#### Data records
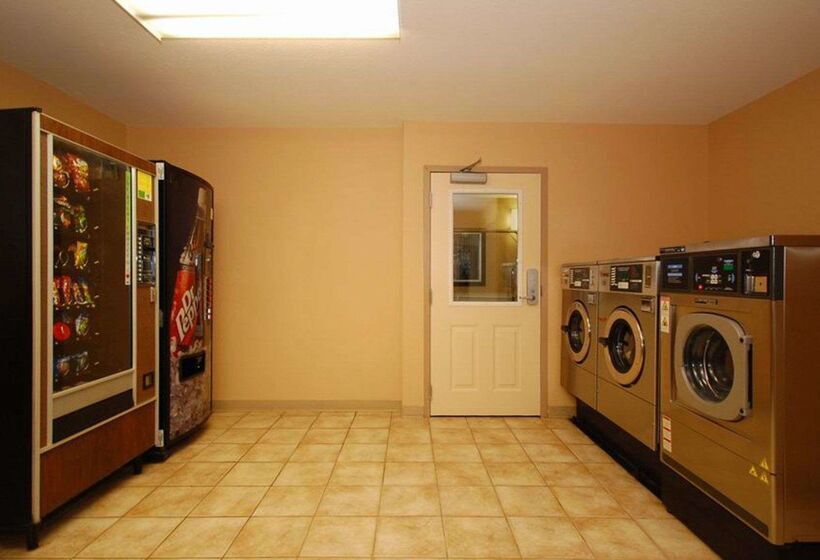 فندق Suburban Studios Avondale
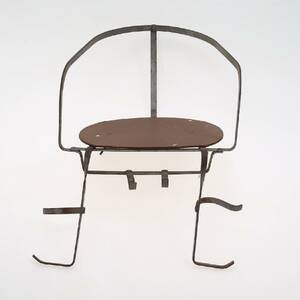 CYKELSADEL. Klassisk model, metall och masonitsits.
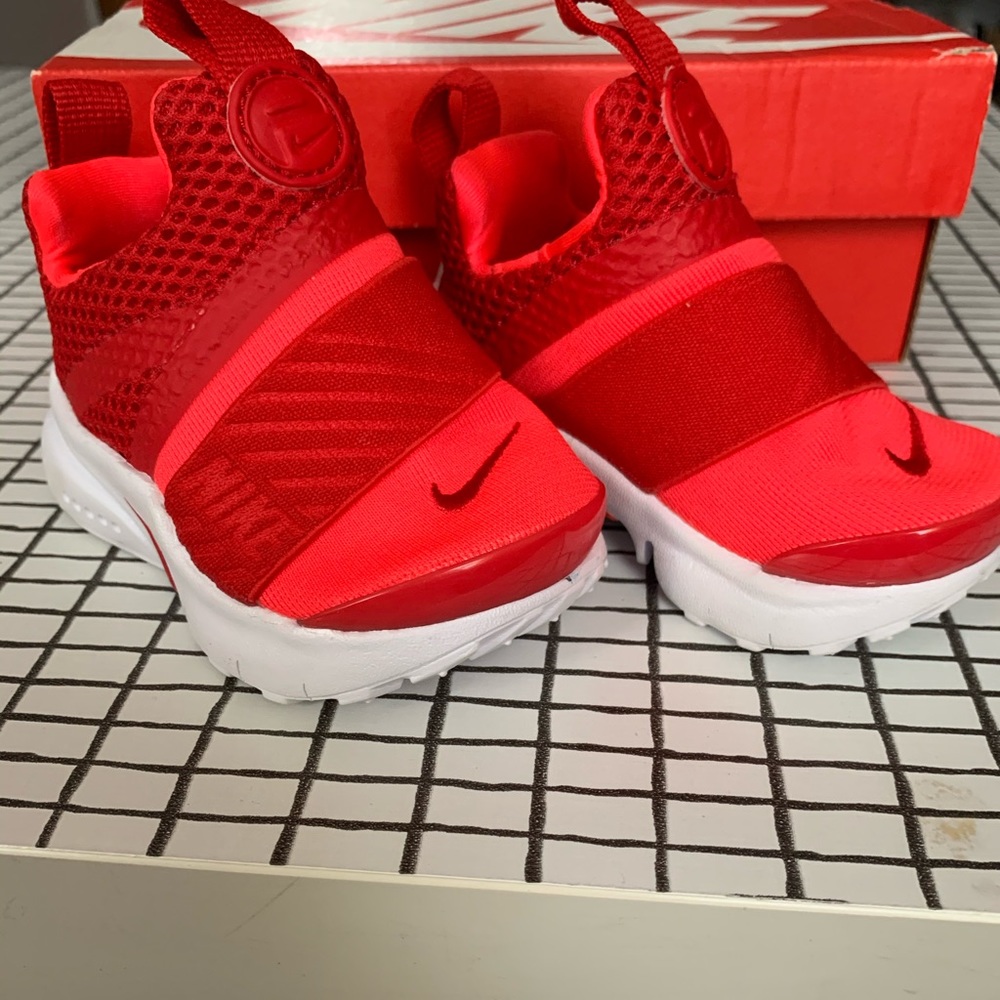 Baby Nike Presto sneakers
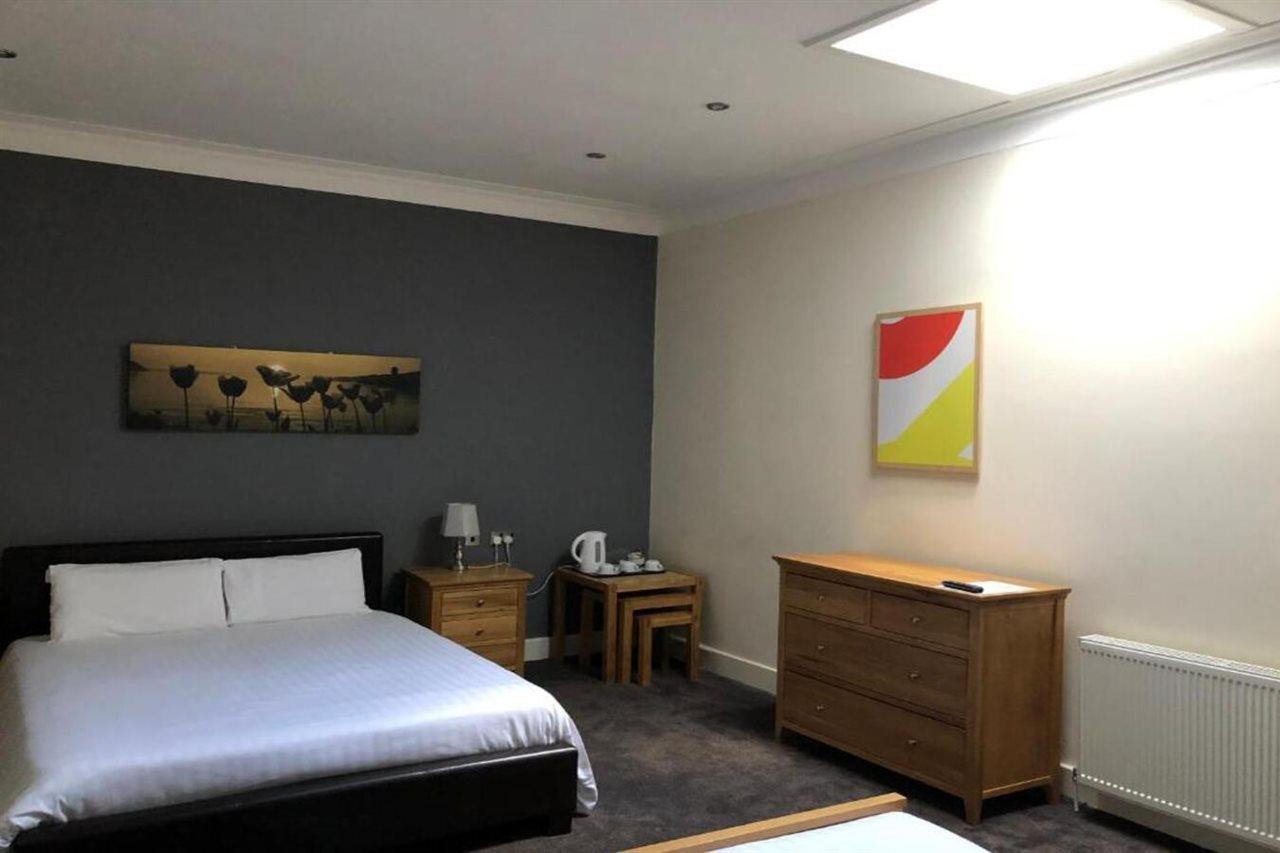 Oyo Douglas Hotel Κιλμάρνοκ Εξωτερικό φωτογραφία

...

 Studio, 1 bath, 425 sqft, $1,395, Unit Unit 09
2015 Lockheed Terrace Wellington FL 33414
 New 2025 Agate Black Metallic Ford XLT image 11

#### Work item
From the records above, transcribe exactly the run of lines that opens with the line holding "2015 Lockheed Terrace Wellington FL 33414" and closes with the line holding "New 2025 Agate", both included.

#### Written response
2015 Lockheed Terrace Wellington FL 33414
 New 2025 Agate Black Metallic Ford XLT image 11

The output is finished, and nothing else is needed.